2002-12-26 Thread Benjamin Pflugmann
Hello.

On Thu 2002-12-26 at 09:26:09 -0500, [EMAIL PROTECTED] wrote:
 i would try using php to have you page connect to the mysql database.. The code gets 
parsed
 first then is loaded into the browser...so the user  pass for the database is never 
seen.. i
 would use something like:
 
 $db = mysql_connect(localhost, mysql-user, mysql-user-password);
  mysql_select_db(whatever-database-name,$db);

Huh? How does this differ from the original problem with Perl?

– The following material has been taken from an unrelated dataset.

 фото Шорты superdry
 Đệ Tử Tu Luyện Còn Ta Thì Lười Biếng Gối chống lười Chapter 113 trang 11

The
script has to be world-readable in order to allow the web server
account to read it in[1] and therefore anyone with shell access or access
to write CGI scripts can read it.

Bye,

Benjamin


[1] in the scenary presented by the original poster.


[...]
  On Wed 2002-12-25 at 13:15:58 +0200, [EMAIL PROTECTED] wrote:
   Hi all,
  
   I want to make a CGI program in Perl that queries a MySQL database, and the
   problem is that I need to write the password for the database in the program
   and this password can be seen by any user that has an account on that
   server.
  
   I need to gave 755 permissions to CGI scripts because they need to be
   executed by the web server account, and not by my account.
  
   Do you have any tips for hiding the password,
 
  Not really. Whereever you put it, the web server account has be able
  to access it, so the problem stays. Even if you could arrange that
  only the web server account can read it (e.g. by changing the owner of
  a file containing the password), every user with permission to create
  CGI scripts can still write a script to read the data.
[...]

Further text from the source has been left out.